Back to Case Studies
system-designintermediate 11 min read

System Design Interview

Design a URL Shortener (bit.ly)

6-character codes that redirect billions of times a day — deceptively simple to design wrong

Key outcome: 10B URLs, <10ms redirect
System DesignHashingRedisRead-HeavyCacheBase62

The Interview Question

"Design a URL shortener like bit.ly. Users paste a long URL and get a short code. Anyone with the short code can be redirected to the original URL."

This question is deceptively simple. The interesting problems are: how do you generate unique short codes at scale, how fast does the redirect need to be, and what happens when the same short URL gets hit by a million people simultaneously.


Step 1: Define the Requirements

Functional requirements

  • Given a long URL, generate a unique short URL (e.g., sho.rt/aB3kP9)
  • Redirect anyone who visits the short URL to the original
  • Optional: custom aliases (sho.rt/my-brand)
  • Optional: analytics (click count, referrer, geography)

Non-functional requirements

  • 100 million new URLs created per day (~1,150 writes/sec)
  • 10 billion redirects per day (~115,000 reads/sec) — heavily read-skewed (100:1)
  • Short codes must be unique — collisions cause wrong redirects
  • Redirect latency: under 10ms (users feel redirects; this is a UX requirement)
  • URLs should not expire unless explicitly set

Scale implication: Over 5 years, ~180 billion URLs stored. At ~500 bytes per record, that's ~90TB of structured data. Manageable in a distributed database.


Step 2: The Short Code — How Do You Generate It?

This is the core of the question. Most candidates say "hash the URL" — that's wrong.

Option A: Hash the URL (MD5 / SHA-256)

MD5("https://example.com/very/long/path") → "a9993e364706816aba3e25717850c26c"
Take first 7 characters                  → "a9993e3"

Problems:

  • Two different URLs that hash to the same 7-character prefix → collision
  • The same URL always produces the same code — if you shorten the same URL twice you get the same code (might be desired, might not be)
  • Hash space of 7 hex chars = 16^7 = ~268 million.
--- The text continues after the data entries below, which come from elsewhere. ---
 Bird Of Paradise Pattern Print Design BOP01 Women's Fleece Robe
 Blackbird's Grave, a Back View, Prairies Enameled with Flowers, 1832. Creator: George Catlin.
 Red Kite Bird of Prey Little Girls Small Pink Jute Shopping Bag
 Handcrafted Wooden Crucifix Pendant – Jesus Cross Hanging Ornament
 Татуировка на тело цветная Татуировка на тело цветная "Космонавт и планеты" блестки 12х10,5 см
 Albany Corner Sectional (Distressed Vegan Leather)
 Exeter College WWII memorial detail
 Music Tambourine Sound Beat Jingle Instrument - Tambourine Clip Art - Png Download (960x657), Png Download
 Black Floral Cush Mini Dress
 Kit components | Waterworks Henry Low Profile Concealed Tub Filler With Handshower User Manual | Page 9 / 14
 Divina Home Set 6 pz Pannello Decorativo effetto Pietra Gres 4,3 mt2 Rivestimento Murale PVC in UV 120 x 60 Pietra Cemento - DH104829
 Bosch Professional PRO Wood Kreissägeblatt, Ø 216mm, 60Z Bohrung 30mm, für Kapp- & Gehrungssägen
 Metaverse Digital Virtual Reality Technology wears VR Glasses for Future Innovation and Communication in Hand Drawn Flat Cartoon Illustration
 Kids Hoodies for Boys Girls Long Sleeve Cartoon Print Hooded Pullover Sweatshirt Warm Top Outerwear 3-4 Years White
At 100M URLs/day you exhaust this in 3 days.

Option B: Base62 Encoding of an Auto-Increment ID

Database ID: 1,000,000,000
Base62 encode (0-9, a-z, A-Z): → "15FTGg"  (6 characters)

Base62^6 = 56 billion combinations — enough for ~1.5 years at 100M/day
Base62^7 = 3.5 trillion combinations — enough for 95+ years

Start with 6 characters, add a 7th when needed. Simple, no collisions, globally sortable.

The problem: a single auto-increment counter in one database is a bottleneck at 1,150 writes/sec, and a single point of failure.

Option C: Distributed ID Generation (Snowflake-style)

64-bit ID structure:
[ 1 bit unused | 41 bits timestamp (ms) | 10 bits machine ID | 12 bits sequence ]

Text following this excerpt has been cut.